Mostar, al igual que Sarajevo, aunque los bandos enfrentados a los bosnios fueran distintos, preferentemente serbios en Sarajevo y croatas en Mostar, que querían hacerse con el control de la antigua república federada de Bosnia-Herzegovina, presentaban rasgos comunes en cuanto a las víctimas, que eran preferentemente bosnias y en cuanto a los edificios, que estaban como como queso lleno de agujeros. Una peculiaridad de Mostar, que está en el valle atravesado por el río Nerevda, era que muchas casas carecían todavía de tejado porque una de las diversiones preferidas de los croatas era rellenar neumáticos con granadas y lanzarlos ladera abajo para que explosionaran en las viviendas de la zona musulmana.
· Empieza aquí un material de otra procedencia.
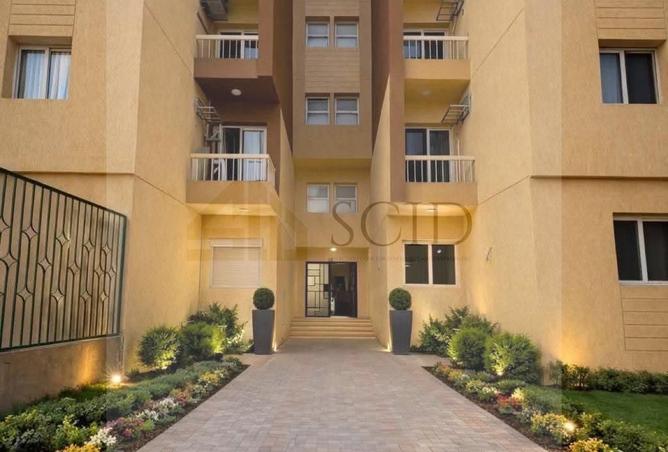 69579628 - الصورة الرئيسية للعقار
Me alojaron en un “edificio seguro”, una de cuyas plantas albergaba la embajada USA y que estaba frente a ese puente, entonces en reconstrucción, en el que vimos repetidamente en nuestro telediario como un soldado español, pues España tenía asignado el control de la zona de Mostar, estaba encadenado como escudo viviente a la barandilla. Cerca de ahí, una pasarela de madera sustituía el espléndido puente centenario, el Stari Most, que Soleimán había construido como símbolo de la ciudad y que fue destruido desde el inicio de la guerra, representando la división de las comunidades bosnia y croada, asentada mayoritariamente cada una de ellas, respectivamente, como dándose la espalda, en cada uno de los lados del río. Escasas veces alguien cruzaba de un lado a otro, pues podías ser condenado al ostracismo por tus vecinos, que no querían que te contaminaras con “el otro”.
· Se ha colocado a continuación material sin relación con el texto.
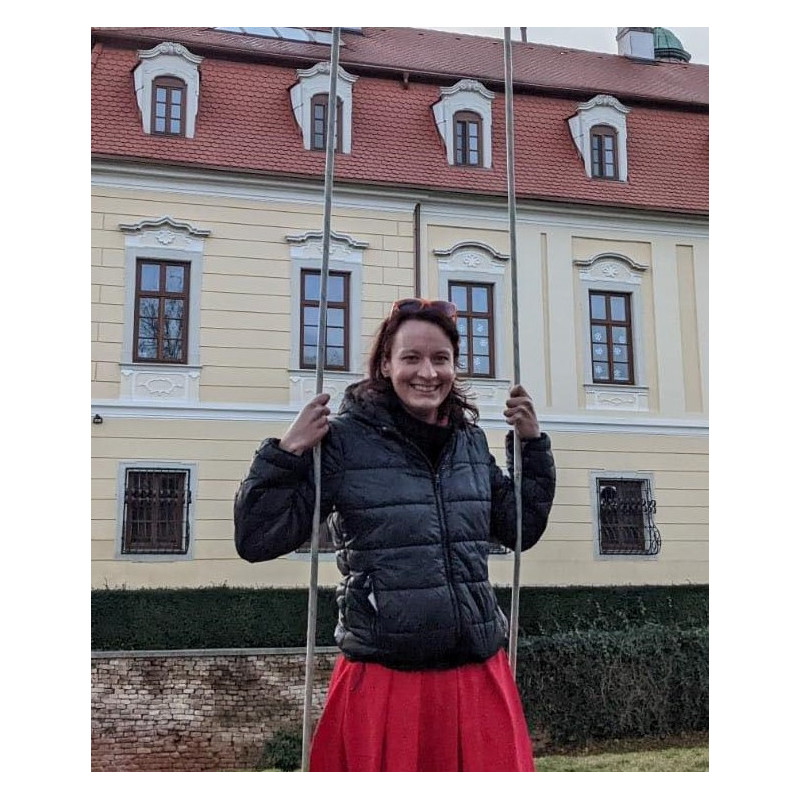 Minikurzy (3+2 zdarma)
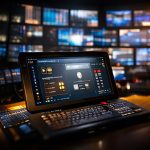 Ragheb Alameh   Beirut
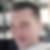 Photo de profil de Raphael Fayer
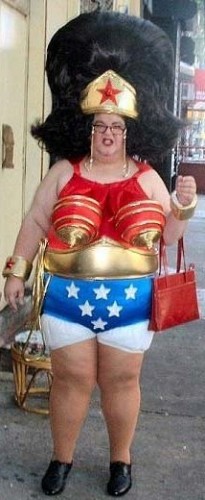 fat_wonder_woman.jpg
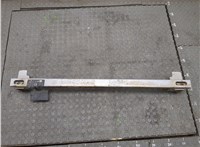  Кронштейн усилителя бампера Nissan X-Trail (T30) 2001-2006 11346914 #1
Ciertamente, pocas personas lo cruzaban, puesto que los miembros de cada comunidad procuraban coincidir lo menos posible con los de la otra, pese a que los acuerdos de paz imponían que un pequeño porcentaje de bosnios residieran en zona croata y viceversa. De hecho, algunas personas con las que trabajé cruzaron por primera vez conmigo, desde antes de la guerra, al otro lado, para enseñarme algunos lugares que debía conocer.

Y conocí a personas, civiles, especialmente mujeres, que habían organizado bajo tierra escuelas y hospitales, además de refugios con un mínimo de seguridad, para preservar un legado que de otra manera hubiera derivado en la práctica desaparición de una población civil altamente vulnerable. Las milicias pugnaban por el control del territorio habitado hasta entonces por una sociedad compleja, pues bosnios, serbios y croatas estaban presentes sobre el terreno, formando una buena cantidad de familias mixtas, en un lugar complicado desde siglos. Tan complicado como que también conocí a quien había dirigido las milicias bosnias, un militar profesional croata cuya esposa, que era bosnia, fue la primera víctima de los francotiradores croatas.

Por los contactos que mantengo, algo ha ido cambiando, pero no mucho. Se ha podido ir reconstruyendo el patrimonio, poco a poco. El Stari Most vuelve a lucir con todo su esplendor. Pero todavía no se han vuelto a forzar lazos normales entre las personas. Todavía están mirando, cada una, a su lado del río.